Finland PM Sanna Marin
Finland PM Sanna Marin is at the centre of a media storm after a leaked video showed her dancing with friends. Roni Rekomaa/Shutterstock.

I think if I had been elected to the top elected office in my country aged 33 (and in fairness, I did try), I would want to let off some steam in my own way on my own terms from time to time.

Especially, if like Sanna Marin – the Prime Minister of Finland, I led a coalition government of not one but five different parties.

There’s much to admire about Scandinavian politics and their different way of doing things.

By using systems of proportional representation they are far more likely to produce electoral results which force political parties to work together.

The product of that work tends to be policies which appeal to a much broader spectrum of the electorate.

And their politicians are also far more likely to be women, from all ages and walks of life.

Sanna Marin, who is now 36 going on 37, is a product of that system.

However, she hit the headlines this past week not for her politics, but for having the temerity to dance with her pals.

Video footage of her emerged which led to a stream of outrage.

What did she think she was doing?

How dare she have a drink?

And what if she had to make very big decisions the next day?

Dancing doesn’t stop Sanna Marin being an effective PM

There are a few devils in the detail here.

The first devil is the person who leaked the footage.

With friends like these, who needs enemies?

Kezia Dugdale campaigning as Scottish Labour leader in 2016.
Kezia Dugdale campaigning as Scottish Labour leader in 2016. Andrew Milligan/PA Wire

It reminds me of the great advice I received when I was first elected: If you’ve got more than three or four friends in politics, you’ve got too many.

Secondly, the purpose of the leak was to undermine and debase.

To suggest that someone who enjoys dance music somehow isn’t suitable for a great seat of power.

That it is somehow beneath them or unbecoming.

It’s also heavily gendered.

I don’t remember anything like the same outrage when footage of Michael Gove cutting some shapes in Aberdeen emerged.

Nobody questioned the decisions he’d make on the levelling up agenda the next morning.

They mocked the dad dancing for sure.

Which was cruel in its own way.

But it didn’t lead to demands for an investigation, or questions about his suitability for great office.

If anything, it gave us an insight into his more human side.

Something relatable.

Women are held to higher standards

The Finnish Prime Minister faced such an onslaught of criticism she was forced to try and take hold of the political storm by putting herself forward for a drugs test.

I found this astonishing.

By so doing she elevated the prospect that recreational drugs might have been involved from a flippant internet rumour into a substantial part of the story.
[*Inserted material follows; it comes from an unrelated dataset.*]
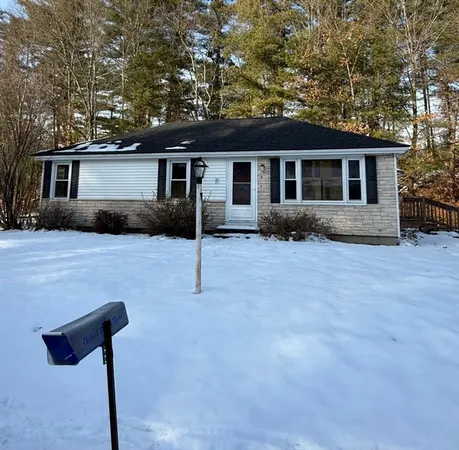 a front view of house with yard and trees in the background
She had to declare that she had never taken drugs at any point in her life, let alone that weekend.

Finland Prime Minister Sanna Marin
Finland Prime Minister Sanna Marin was forced to answer questions after the dancing footage emerged. AP Photo/Andrew Medichini.

This comes from a political playbook so old that you have to go back to Lyndon B Johnson to find the roots of it.

The man who would become the 36th President of the US of A once accused his opponent of sleeping with a pig simply so that his opponent would have to deny it.

The denial elevates the act and everyone then second guesses the truth.

Far more people were talking about whether drugs were involved after Sanna Marin ceded to the test.

But perhaps she had no choice.

Women are judged by different standards to men in every walk of life, not least in politics.

Our current First Minister is far more likely to be found in bibliotheque than the discotheque.

Book-lover Nicola Sturgeon with the former Makar (National Poet for Scotland) Jackie Kay.
Book-lover Nicola Sturgeon with the former Makar (National Poet for Scotland) Jackie Kay. Andrew Milligan/PA Wire

Her thing is books, not dance music.

But even with that more socially acceptable hobby, there is opprobrium among the pearl clutchers this week.

How does she have time to be at the Book Festival and the Fringe?

Shouldn’t she be sorting out the bin strikes rather than spending her Saturday nights reading through the latest Booker long list?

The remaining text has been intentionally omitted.